Primer motivo. Quien decide y elige por mí, para lo cual debe tener el poder para poder hacerlo, está convencido de que sabe mejor que yo lo que más me conviene, y precisamente por tratarse de lo que más me conviene, si yo no lo quiero, él debe obligarme a que lo haga. ¿Cómo? Decidiendo y eligiendo por mí, lo cual supone obligarme a hacer algo que no quiero hacer. El fin, lograr lo que es mejor para mí, es bueno, pero el medio, obligarme a conseguirlo, no lo es. Pero, si no lo quiero, por más que los demás piensen que es lo mejor para mí, ¿realmente será lo mejor para mí?

Segundo motivo. Quien decide y elige por mí lo hace por ejercer su poder sobre mí, por el placer que le ocasiona el poder imponerme su voluntad, considerándome un objeto sometido a su capricho. En este caso el fin, obligarme a hacer lo que otro quiere que haga, no porque sea lo mejor para mí, sino porque lo que él quiere es dominarme, es malo, y si el fin es malo también lo es el medio, obligarme a obedecerlo.

La tentación es doble. Primero: querer decidir y elegir por los demás, ya sea porque creemos saber mejor que ellos lo que más les conviene, ya sea porque queremos ejercer sobre ellos nuestro poder. Si en el primer caso no se justifica limitar o eliminar la libertad de los demás, mucho menos en el segundo. Segundo: no querer que alguien más decida y elija por nosotros, ya sea porque estamos convencidos de que nadie más sabe mejor que nosotros qué es lo que más nos conviene, ya sea porque no queremos que nadie más nos someta a su voluntad.
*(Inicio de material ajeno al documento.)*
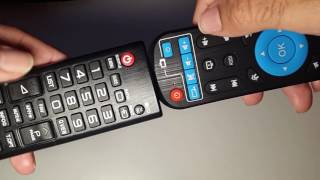 How to Program your Android TV box Remote [upl. by Toole]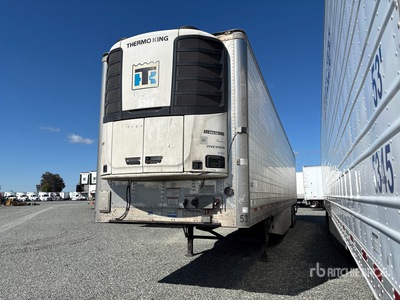 2024 CIMC Trailer 53 ft x 102 in T/A Refrigerated Trailer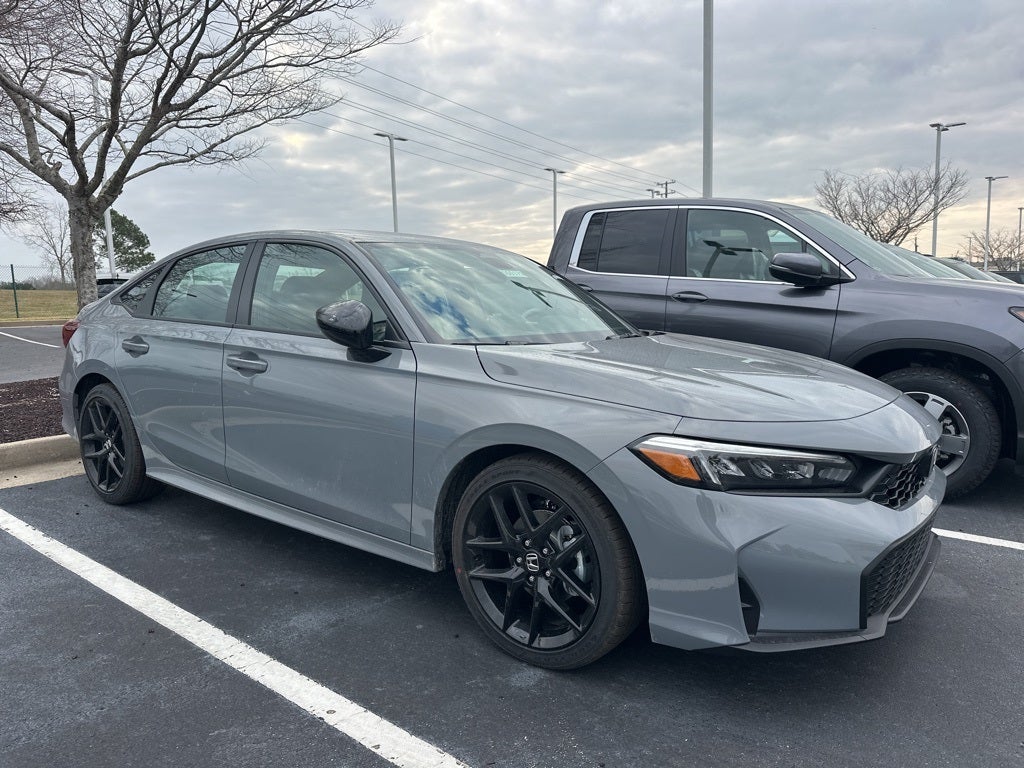 2026 Honda Civic Sport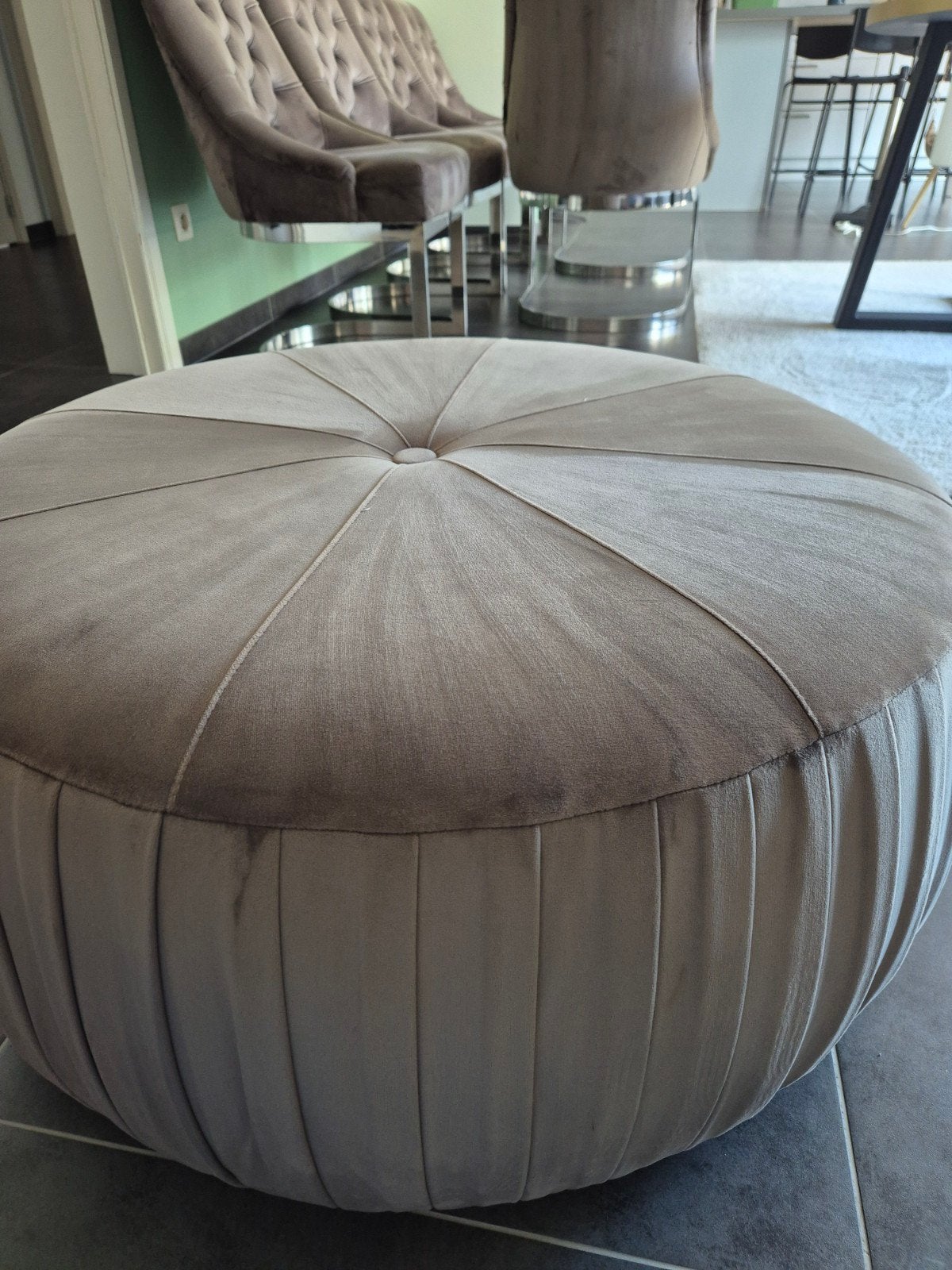 Prachtige set van 6 luxe Richmond Interiors eetkamerstoelen, Maison & Meubles, Enlèvement, Tissus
Si no quiero que otros limiten o eliminen mi libertad, ¿cómo justificar mi pretensión de limitar o eliminar la libertad de los demás? Debemos aplicar el primer precepto de la Ley Natural: no le hagas al otro lo que no quieras que el otro te haga.

El problema, como lo señala Núñez, es que nos gusta nuestra libertad, pero no la de los demás y, más que entender la libertad ajena, hay que respetarla. Decidir respetar la libertad de los demás debe ser el primer acto libre de cada quien, la primera autodeterminación. En muchos casos, comenzando por los gobiernos, no lo es.

Por ello, pongamos el punto sobre la i.